For this exercise, write out the full listing that follows exactly and skip its pictures.

Information supplied section start

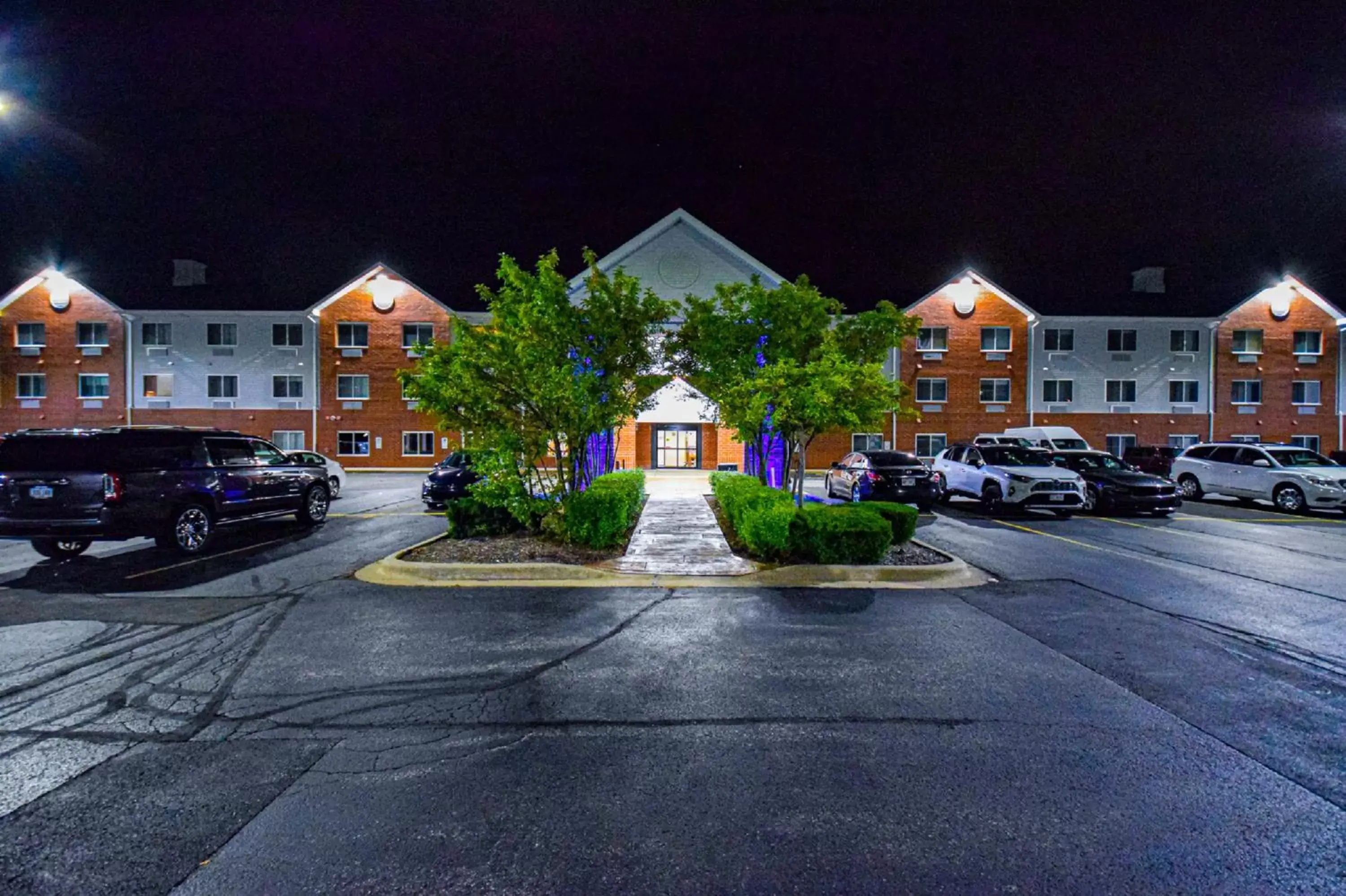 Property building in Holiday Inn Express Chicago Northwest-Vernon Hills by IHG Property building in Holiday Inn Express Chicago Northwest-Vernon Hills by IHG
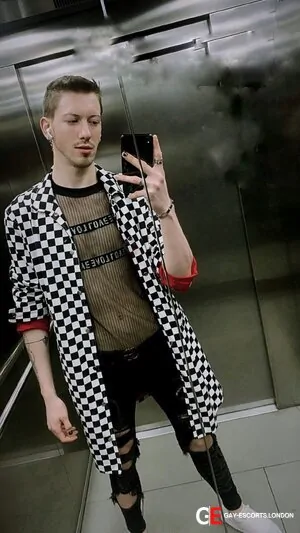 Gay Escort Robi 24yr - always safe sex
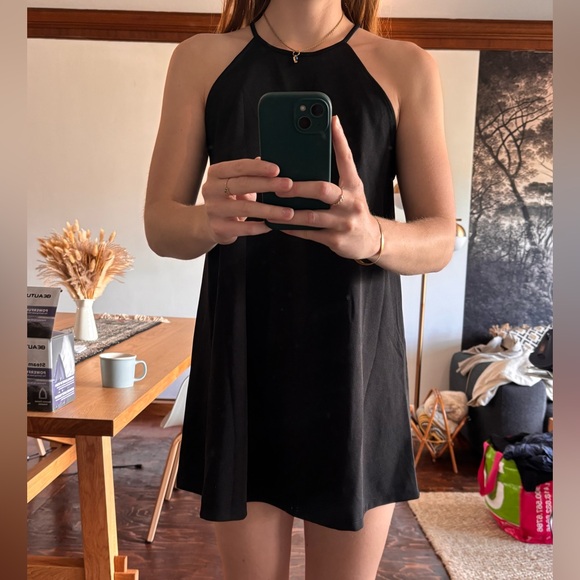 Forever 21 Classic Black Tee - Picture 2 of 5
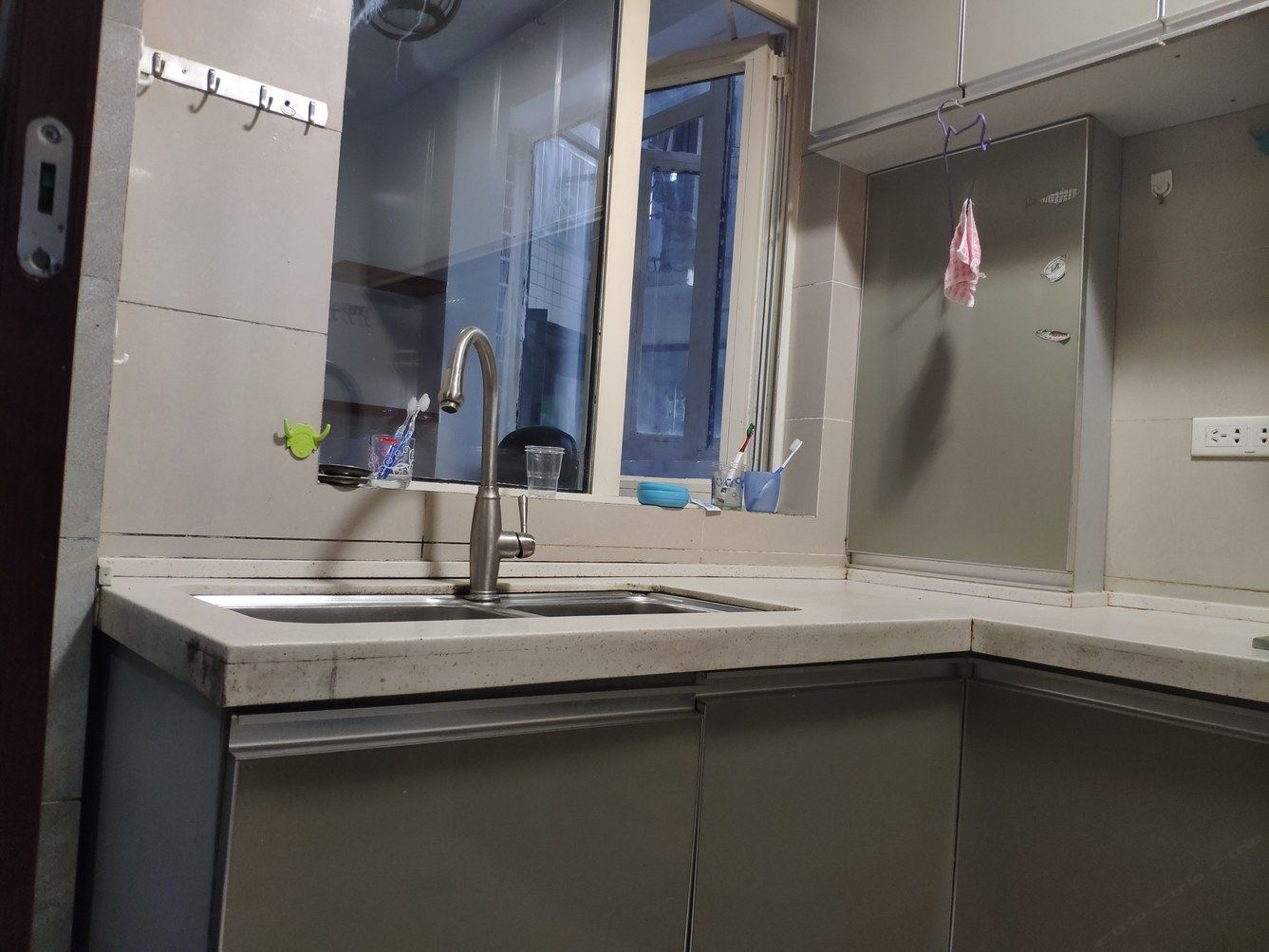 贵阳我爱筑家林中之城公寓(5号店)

Information supplied section end

Output below:
 Property building in Holiday Inn Express Chicago Northwest-Vernon Hills by IHG Property building in Holiday Inn Express Chicago Northwest-Vernon Hills by IHG
 Gay Escort Robi 24yr - always safe sex
 Forever 21 Classic Black Tee - Picture 2 of 5
 贵阳我爱筑家林中之城公寓(5号店)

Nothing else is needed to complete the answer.